=== Section Start ===

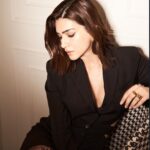 Kriti Sanon Instagram - ♠️♠️ #GanapathPromotions @tods @jacquemus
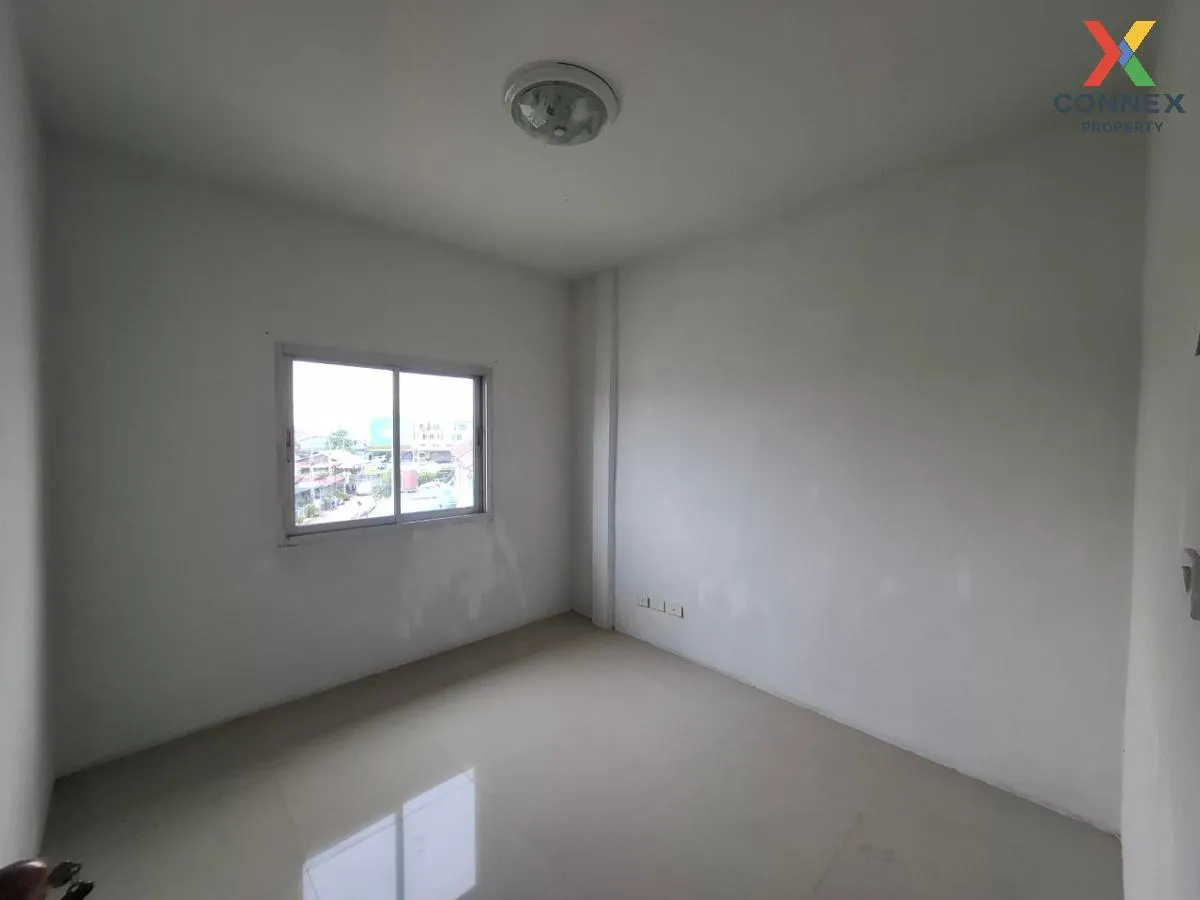 For Sale Townhouse/Townhome  , Baan Warasiri 1 , Nong Kham , Si R
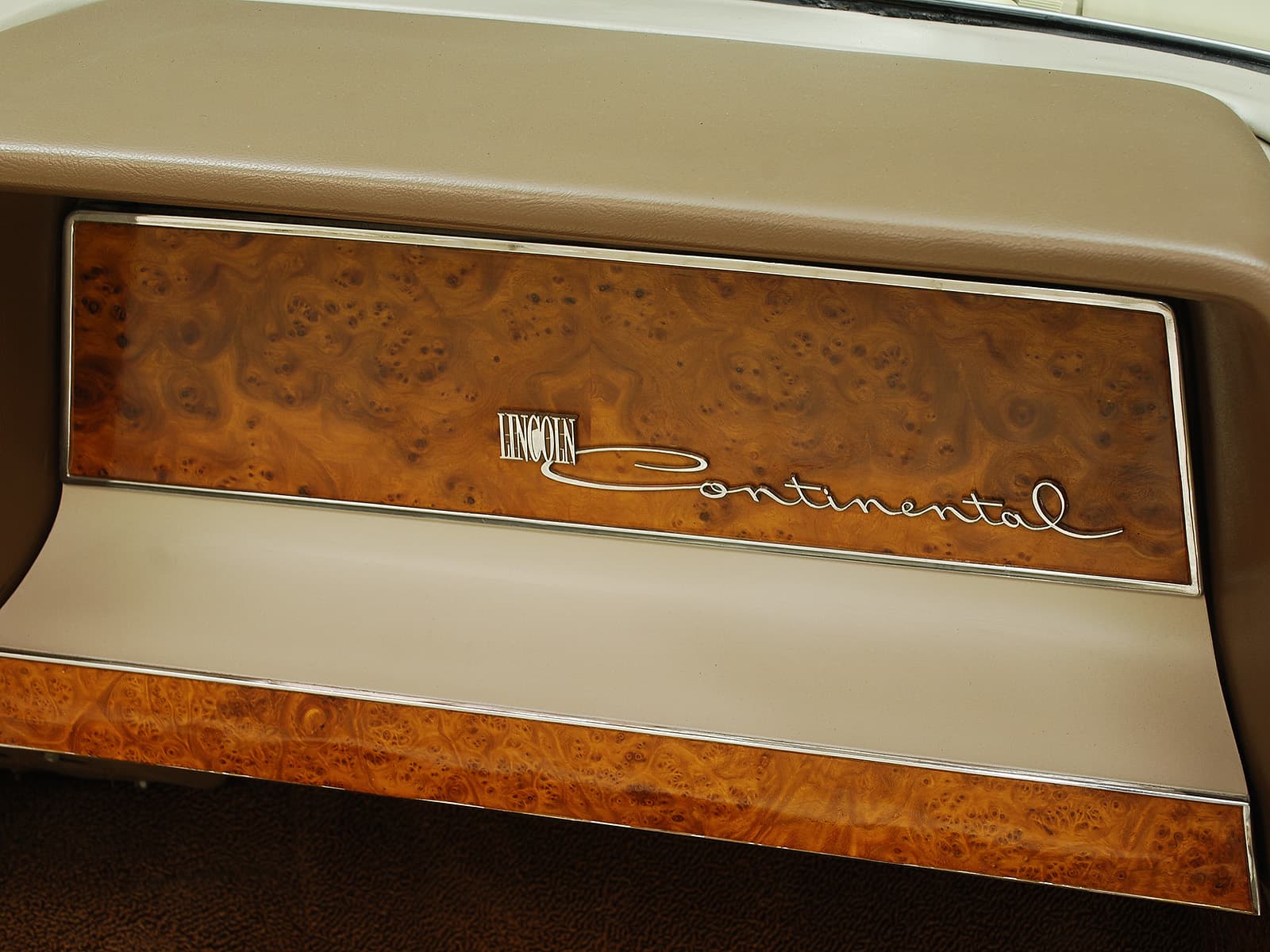 Photo of a 1965 Lincoln Continental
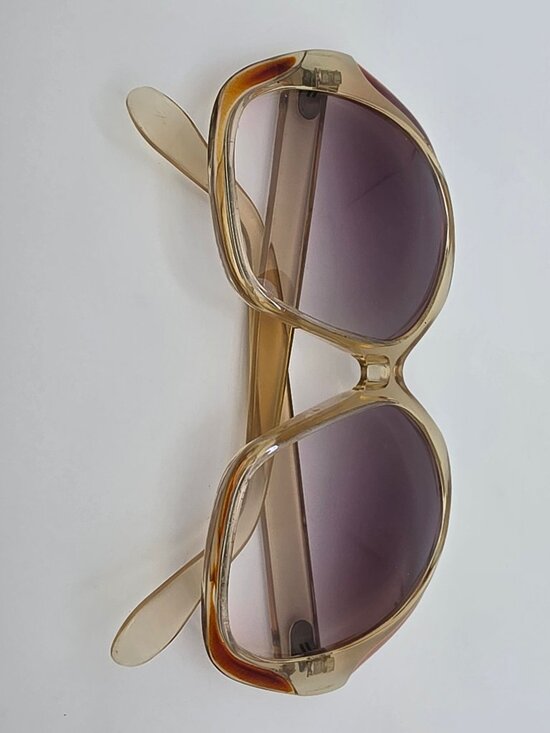 Foster Grant Clear Frame Light Purple Gradient Lens Oversized Sunglasses w/ Case main image 9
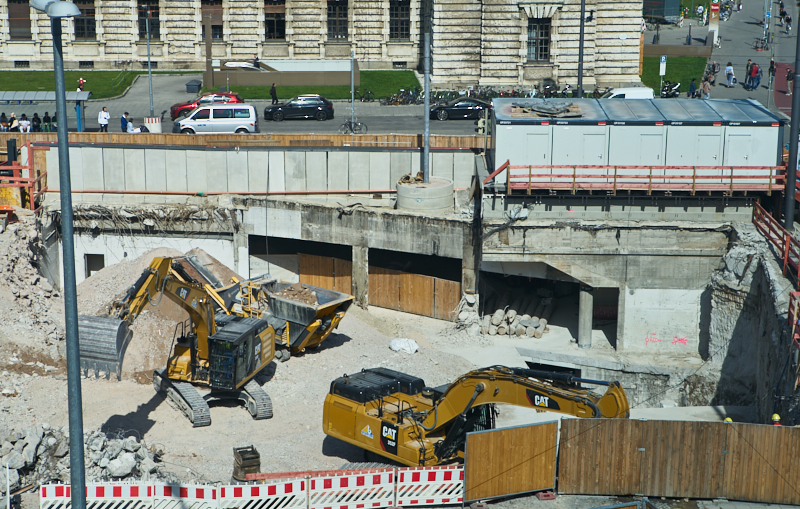 19.09.2019 - Abriss und Neubau des Hotel Königshof in München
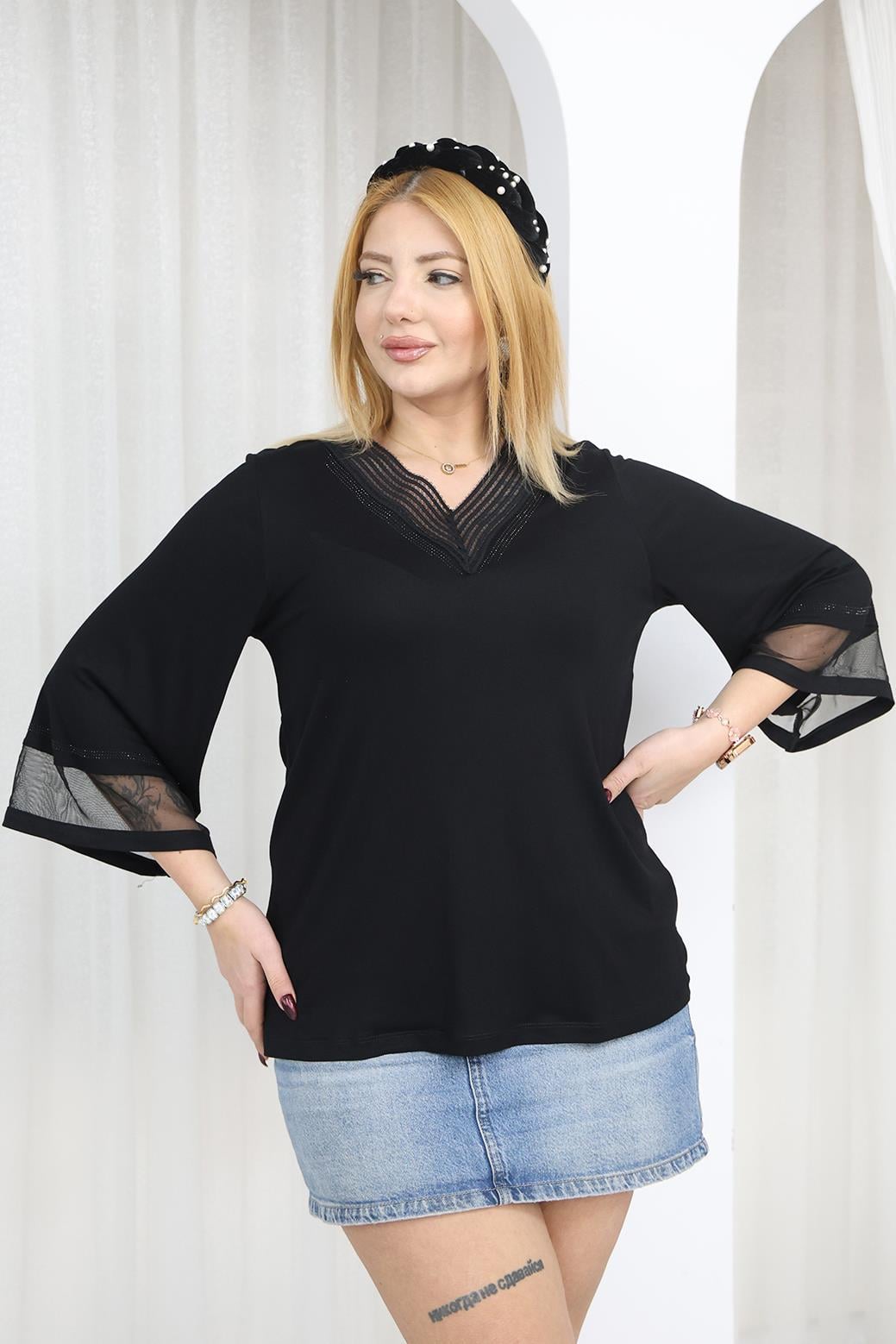 Kısa Kol Bluz Büyük Beden Kolları Tül İşlemeli Bluz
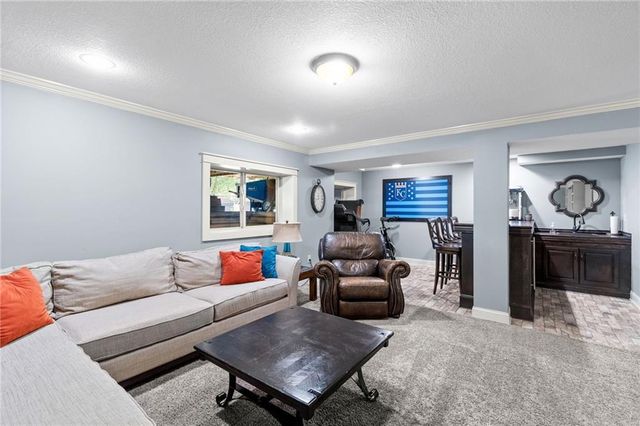 321 Creekwood Drive, Liberty, MO 64068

=== Section End ===

--- Action item ---
Write out exactly the lines from the one containing "For Sale Townhouse/Townhome" through the end of the records above, both included, leaving all pictures out.

--- Written answer ---
 For Sale Townhouse/Townhome  , Baan Warasiri 1 , Nong Kham , Si R
 Photo of a 1965 Lincoln Continental
 Foster Grant Clear Frame Light Purple Gradient Lens Oversized Sunglasses w/ Case main image 9
 19.09.2019 - Abriss und Neubau des Hotel Königshof in München
 Kısa Kol Bluz Büyük Beden Kolları Tül İşlemeli Bluz
 321 Creekwood Drive, Liberty, MO 64068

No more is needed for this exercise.